__ENTRIES SHOWN__.
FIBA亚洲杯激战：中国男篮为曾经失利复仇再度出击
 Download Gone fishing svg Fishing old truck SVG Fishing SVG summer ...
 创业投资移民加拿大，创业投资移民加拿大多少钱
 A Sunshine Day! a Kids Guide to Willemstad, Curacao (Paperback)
---
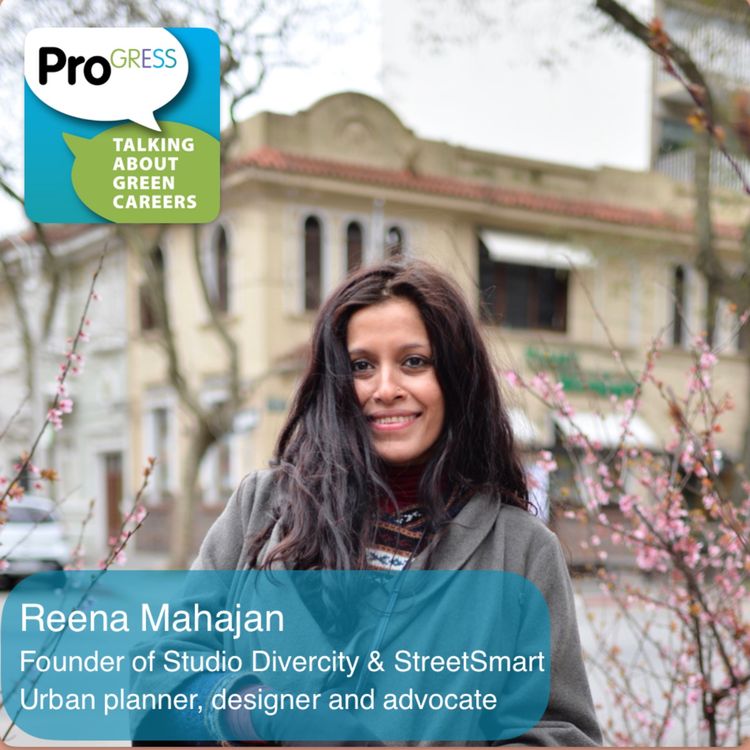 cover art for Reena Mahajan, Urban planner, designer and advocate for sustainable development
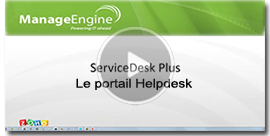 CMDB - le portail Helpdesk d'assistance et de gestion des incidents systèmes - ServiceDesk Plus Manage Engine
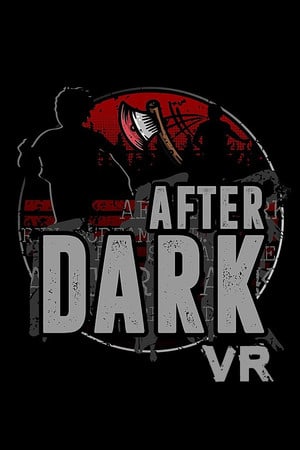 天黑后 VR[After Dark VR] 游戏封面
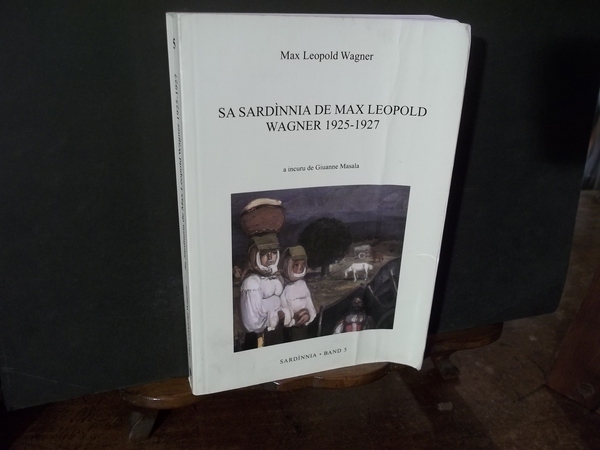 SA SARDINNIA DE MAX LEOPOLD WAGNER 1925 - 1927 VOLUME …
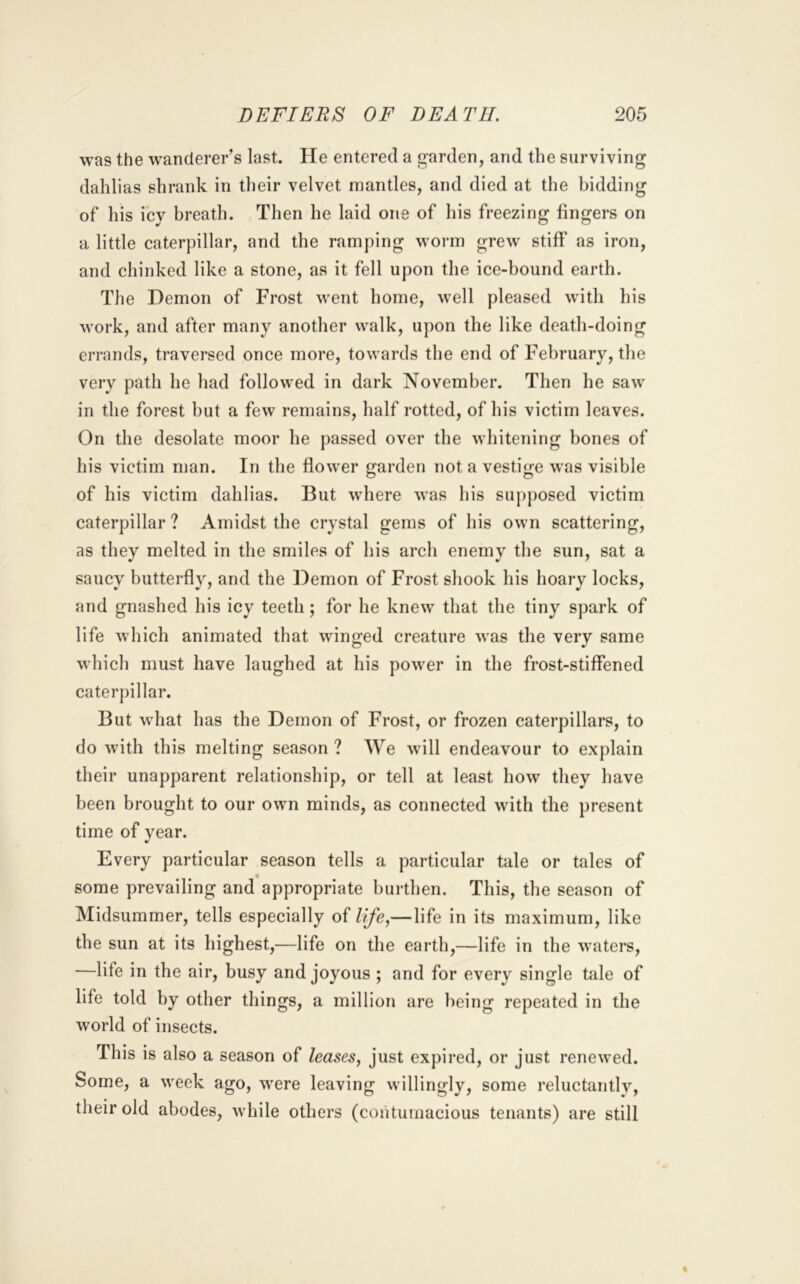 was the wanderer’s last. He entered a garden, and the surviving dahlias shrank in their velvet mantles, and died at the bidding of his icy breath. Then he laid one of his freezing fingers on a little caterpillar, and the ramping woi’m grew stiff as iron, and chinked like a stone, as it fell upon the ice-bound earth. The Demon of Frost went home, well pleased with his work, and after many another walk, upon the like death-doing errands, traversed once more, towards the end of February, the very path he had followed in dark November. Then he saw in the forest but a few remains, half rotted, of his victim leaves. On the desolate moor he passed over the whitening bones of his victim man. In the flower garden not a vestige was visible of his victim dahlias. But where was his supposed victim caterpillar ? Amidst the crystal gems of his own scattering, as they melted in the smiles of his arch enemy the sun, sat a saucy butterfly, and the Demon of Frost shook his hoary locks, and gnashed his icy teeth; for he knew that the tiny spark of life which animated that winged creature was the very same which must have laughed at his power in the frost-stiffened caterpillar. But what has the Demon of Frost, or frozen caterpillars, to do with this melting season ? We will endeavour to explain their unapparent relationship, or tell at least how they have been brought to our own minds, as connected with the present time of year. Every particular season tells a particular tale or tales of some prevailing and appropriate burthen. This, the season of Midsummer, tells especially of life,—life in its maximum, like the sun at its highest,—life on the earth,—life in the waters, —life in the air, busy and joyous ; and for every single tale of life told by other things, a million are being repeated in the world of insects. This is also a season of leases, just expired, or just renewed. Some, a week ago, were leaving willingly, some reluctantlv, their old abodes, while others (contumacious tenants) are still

__TRY IT__. Starting with the line that contains "天黑后 VR[After Dark VR] 游戏封面" and finishing with the line that contains "SA SARDINNIA DE", reproduce every line of the material above exactly, but not the pictures.

__ANSWER TO THIS PROBLEM__.
 天黑后 VR[After Dark VR] 游戏封面
 SA SARDINNIA DE MAX LEOPOLD WAGNER 1925 - 1927 VOLUME …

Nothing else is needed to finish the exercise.